Every National Nurses Week, healthcare systems post thank-you graphics and cafeteria specials. Meanwhile, new data from National Nurses United (NNU) and Nurse.Org's annual State of Nursing Survey show the reality: 27% of nurses were physically assaulted at work in 2025 — hit, kicked, pushed, bitten, or grabbed — and 52% experienced verbal threats or aggressive language. This isn't trending down.

The Numbers Are Worse Than Most Facilities Admit

The 2026 State of Nursing Survey polled thousands of RNs across specialties. Of nurses who experienced a workplace incident, only 54% formally reported it. The top reason for not reporting: they didn't believe anything would change. Among those who did report, the most common outcome was no action taken. Fewer than 1 in 10 said they felt supported by leadership afterward.

Specialty breakdown reveals where the risk concentrates:

  • Telemetry nurses: 59% physically assaulted in the past year
  • Progressive care nurses: 58%
  • Emergency department nurses: 51%
  • ICU nurses: ~30% (lower acuity for assault, but verbal abuse rates are high)
  • NICU nurses: 2% (lowest assault rate of any specialty surveyed)
  • Obstetrics nurses: 7%

The acuity and behavioral complexity of the patient population tracks directly with assault rates. Units with high psychiatric comorbidity, delirium, substance withdrawal, or dementia — and lower nurse-to-patient ratios — carry the most risk.

Massachusetts Data: 69% of Nurses in Two Years

The Massachusetts Nurses Association released its own survey alongside the NNU data during National Nurses Week. 69% of Massachusetts nurses reported experiencing at least one workplace violence incident in the past two years, up from 57% in 2019. The increase was steepest among nurses with under 5 years of experience — 79% of newer nurses reported an incident in two years.

That rate is why hundreds of MNA nurses and healthcare workers held a Day of Action at the Massachusetts State House on May 5 — one day before Nurses Week officially began. The rally was a direct push for passage of the state's Safe Work Act, which would require hospital violence prevention plans, de-escalation training, and reporting protocols.

Why Most Nurses Don't Report — and Why That Matters

The reporting gap is where the data gets practical. When fewer than half of assaulted nurses formally document an incident, hospital incident tracking systems undercount the problem by roughly half. That undercounting is then used by administrators to argue that "violence isn't a significant issue" at their facility. The loop perpetuates itself.

The data on outcomes for those who did report is not encouraging: no action taken was the plurality response. That response pattern is what drives future non-reporting. It's not apathy — it's a rational response to a documented pattern of institutional non-response.
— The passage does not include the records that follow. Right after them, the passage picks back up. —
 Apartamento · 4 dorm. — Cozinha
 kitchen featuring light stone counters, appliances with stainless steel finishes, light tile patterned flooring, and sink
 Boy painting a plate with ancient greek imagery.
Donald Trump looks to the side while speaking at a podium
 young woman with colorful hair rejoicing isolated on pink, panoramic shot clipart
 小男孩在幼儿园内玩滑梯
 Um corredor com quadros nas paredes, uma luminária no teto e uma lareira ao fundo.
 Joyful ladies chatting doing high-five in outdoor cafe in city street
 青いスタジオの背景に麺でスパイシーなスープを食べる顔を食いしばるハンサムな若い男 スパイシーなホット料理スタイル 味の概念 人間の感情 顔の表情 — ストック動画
34% of nurses say they do not feel safe from violence in their workplace. That number tracks with the 2025 State of Nursing Survey finding that 43% of nurses plan to leave the bedside. Workplace safety and intent to leave are not separate data points.

What's Changing (and What Isn't)

Twenty-five-plus states moved healthcare workplace violence legislation in 2025-2026. Many passed. Federal legislation remains stalled — the Workplace Violence Prevention for Health Care and Social Service Workers Act has cleared committee multiple times without a floor vote. During Nurses Week 2026, NNU renewed its call for passage alongside rallies at state capitols nationwide.

At the facility level, the Joint Commission added workplace violence prevention to its 2026 accreditation standards. Hospitals now face accreditation risk if they can't demonstrate active violence prevention programs. That's a meaningful lever — more immediate for most facilities than pending legislation.

For nurses tracking this: document every incident in writing, whether or not you believe your facility will act. Your documentation creates the record. If your facility lacks a formal violence reporting mechanism, that gap itself is surveyable under the new Joint Commission standard. Document every incident, every shift. Your file is the institutional memory that exists when hospital leadership says the problem isn't that bad.